Layout for new food truck concession discussed
A grateful Cindy Kelly attended the Land Trust meeting on Monday, March 10, to both express her thanks to the trust for allowing her to use its K&H Property along West Side Road for her new food truck business, Pots ‘N Kettles, as well as to iron out some details.
Kelly proposed that the truck enter the property and pull around in a circle so that the side serving windows face the road. Trustee Harold “Turtle” Hatfield noted that doing so would increase the area that would need to be laid out with gravel (so that the area wouldn’t become rutted and muddy) and suggested that less gravel would be necessary if she backed the truck onto the property and then swung it around. He also noted that the top soil would need to be removed first or else the gravel would just disappear into the soil.
Kelly agreed with the plan, noting that she would work on her backing up skills.
As far as what to do with the top soil, the trustees felt that it could be carted off to the Solviken property for use there.
Previously, Kelly had offered to have she and her husband, Gene Hall, perform the brush clearing along one wall of the property and she wanted the trust to look at the trees in that area to see whether they were salvageable, or whether they had been compromised by the briars.
Hatfield said he would take a look at the trees, and later was authorized by the trustees to work with Hall on a plan for the brush clearing, soil removal and stone wall repair.

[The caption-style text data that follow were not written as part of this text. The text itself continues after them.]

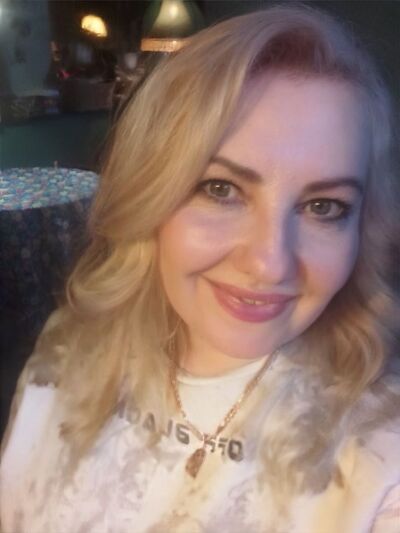  ,   , 56 ,   c 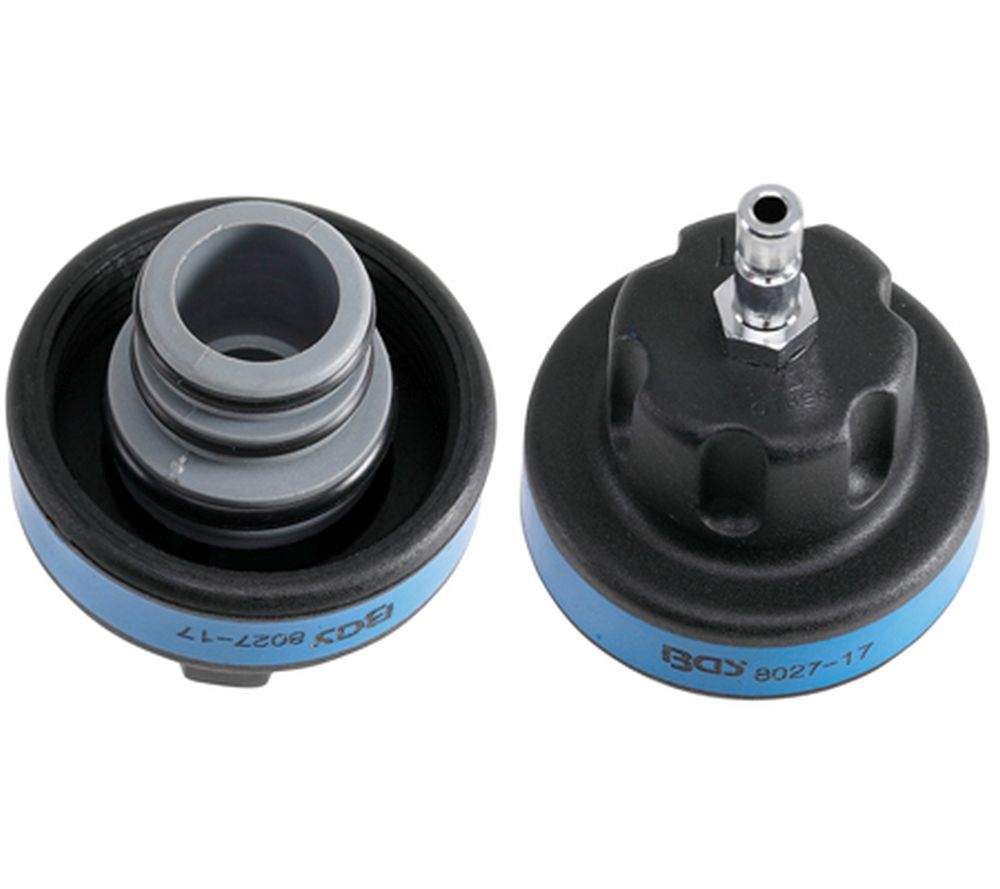 BGS Adapter Nr. 17 für Art. 8027, 8098 | für BMW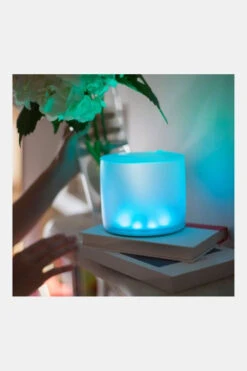 MPOWERD Luci Color Essence Solar Lantaarn -Camping Essentials Verkoop mdabe00031 1010 05 nl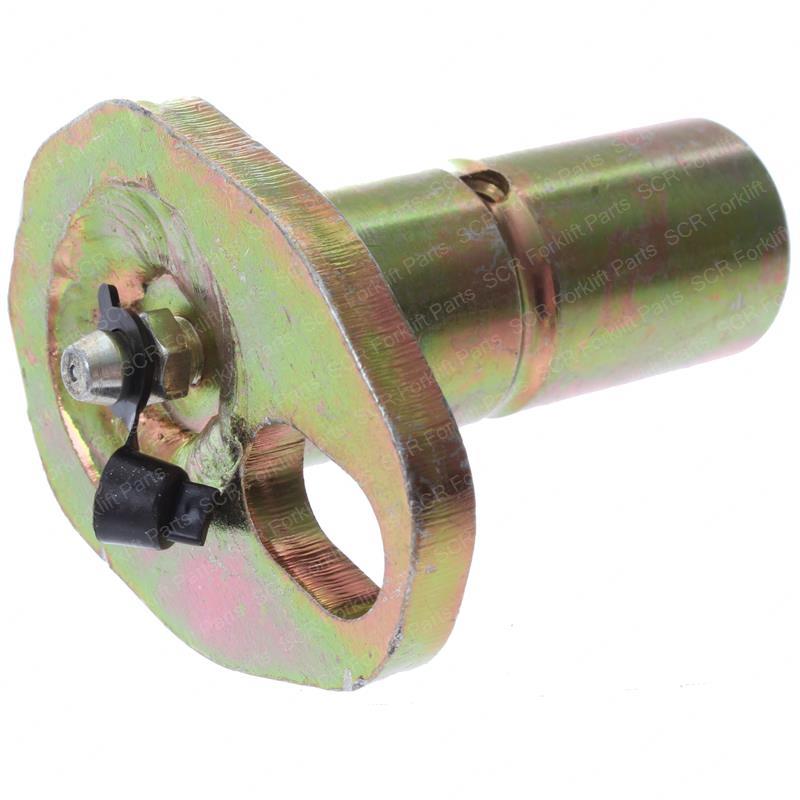 PIN PIVOT WELD + ASSEMBLY YT220081311 yt220081311 product image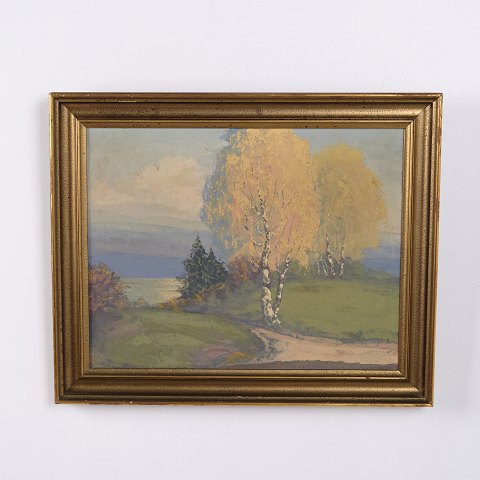 item no: 643164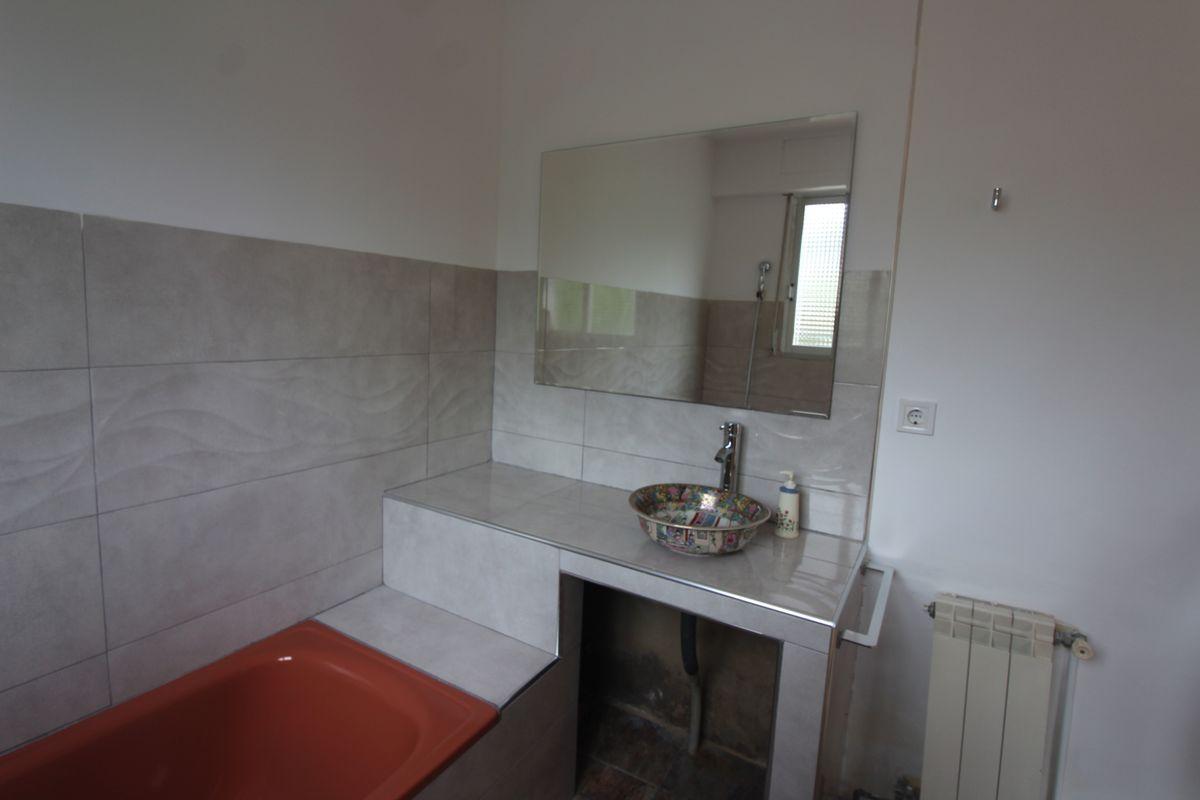 Casa en Venta en Urbanización Sierra Perenchiza - 22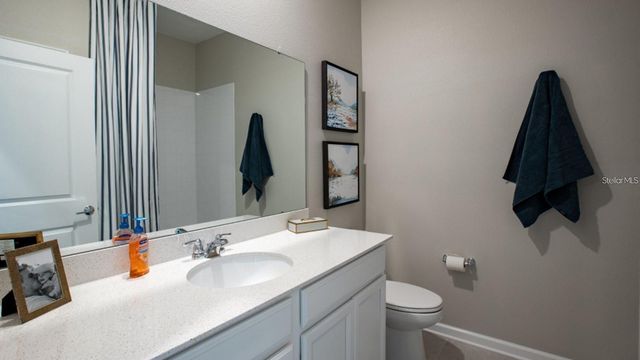 643 GROVE STREET, Winter Haven, FL 33881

In another request, Kelly expressed the desire to utilize an electrical pole that had a transformer on it to get power to the truck via a heavy duty extension cord. She said that she had approached the Block Island Power Company for permission to do this, but was told that she needed to have someone from the Land Trust sign off on it, as owners of the property. After some brief discussion on the matter, the trust authorized Chair Barbara MacMullan to sign any necessary papers.
Trustee Denny Heinz asked Kelly if she were going to put in any picnic tables and Kelly said that she didn’t want to at this point in time but that she did have an old church bench that she would like to have there, stressing that the business was to be for take-out only. Heinz countered that she would probably be attracting bicyclists and walkers as well as those in cars. Kelly indicated that she might send those wishing to sit and eat to the nearby Legion Park, adding that she would be “super vigilant” in looking for trash from her business in that area.
Kelly hopes to open for business on May first, and before leaving the meeting, again expressed her thanks, saying: “I can’t tell you how grateful I am for your openness.”
The Land Trust also approved a request from the Peabody Museum to look for lignite samples on a few of the Trust’s properties at some point in April. MacMullan explained to the group that a paleobotanist studying at the museum had noticed that some specimens of these fossilized plants in the museum’s collection had come from Block Island and they would like to look for more.
Noting that the Block Island kindergarten class makes an annual spring time field trip to the museum, MacMullan had asked the scientists if they would “entertain” the kindergarten for 10 to 15 minutes (a time frame suggested by kindergarten teacher Deborah Hart) and they had said yes. It was suggested that she also contact high school science teacher Sue Gibbons if some of the teens might be interested and MacMullan agreed to contact her.
During the Stewardship portion of the meeting, the trust was presented with two applications to the CRMC that were ready for signing, and briefly discussed signage for the new beach access path on their Spring Street property near the Ocean View.
Then they turned to the Solviken property on Corn Neck Rd. MacMullan reported that she had met with Town Manager Nancy Dodge, First Warden Kim Gaffett, Building Official Marc Tillson, and Landscape Architect Derek Van Lent, who is also a member of the Block Island Conservancy, which is a co-owner of the property.
MacMullan told the trustees that they would not need to go through the zoning or planning boards to fill in the foundation to a depth of 30 inches as well as temporarily delineate a parking area. She also noted that Tillson was eager for them to “get going.” She said that she would follow up with Van Lent on CRMC approval.
Bill Comings, who is also on the Block Island Conservancy and who was in attendance, noted: “Temp stuff is our fail-safe.” He also noted that Sven Risom of the Committee for the Great Salt Pond is working on the application to the zoning board for the construction of a 10 by 20 foot platform to be used by the committee for educational purposes.
The platform has to go through zoning before going to the CRMC approval, and then will need to go through other various approvals.
While some expressed frustration with the length of the process, MacMullan said: “We just have to grit our teeth and go through it.”